フリーメイソンは、得体の知れない秘密結社という一般に流布したイメージとは全く異なり、道徳と理性による個人の完成、社交と慈善を通じて人類と社会の完成を目指す18世紀ヨーロッパにおける最先端の市民結社である。
吉村正和:『図解フリーメイソン』河出書房新社より

フリーメイソンは18世紀のヨーロッパ文化のすみずみにまで行き渡っており、フリーメイソンを研究するということは、18世紀ヨーロッパ文化を研究することとほとんど同義でさえあります。
啓蒙主義とロマン主義を含む18世紀文化の全体を「フリーメイソン文化」と呼ぶことができるかもしれません。

フリーメイソンは、芸術の発展に貢献するよう、若きアーティストたちのパトロン・スポンサーとして援助を惜しみませんでした。
音楽の分野では、モーツァルト『魔笛』、ハイドン『四季』、ベートーベン『第九交響曲』など、日本人にも馴染みの深い作品は、フリーメイソンの儀式のために創作されたものです。

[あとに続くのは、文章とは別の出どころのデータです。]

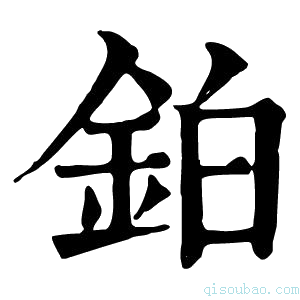 康熙字典铂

文学・建築・庭園・絵画・彫刻の分野でも、多くのアーティストが誕生しましたが、何より私たちのよく知るところでは、アメリカ合衆国の象徴『自由の女神』ではないでしょうか。
『自由の女神』は、1886年にアメリカ建国100年祭を記念してフランスのフリーメイソンから寄贈されたものです。(設計:フレデリック・オーガスト・バルトルディ)

このように、フリーメイソンの「自由」「平等」「友愛」「寛容」「人道」の理念は今日まで継承され、新しいアーティストたちの養成に大きく貢献しています。

◆フリーメイソンの「G」は以下の頭文字からきています。
「Gnosis」=至高存在
「God」=神
「Geometry 」=幾何学
「Glory」=栄光
「Grandeur 」=寛容

◆フリーメイソンの「定規とコンパス」は、石工職人のギルドの名残です。
上向きのコンパスと、下向きの定規は
「陰と陽」
「天と地」
「精神と物質」
「男と女」
など、世界の二元性の融和を意味します。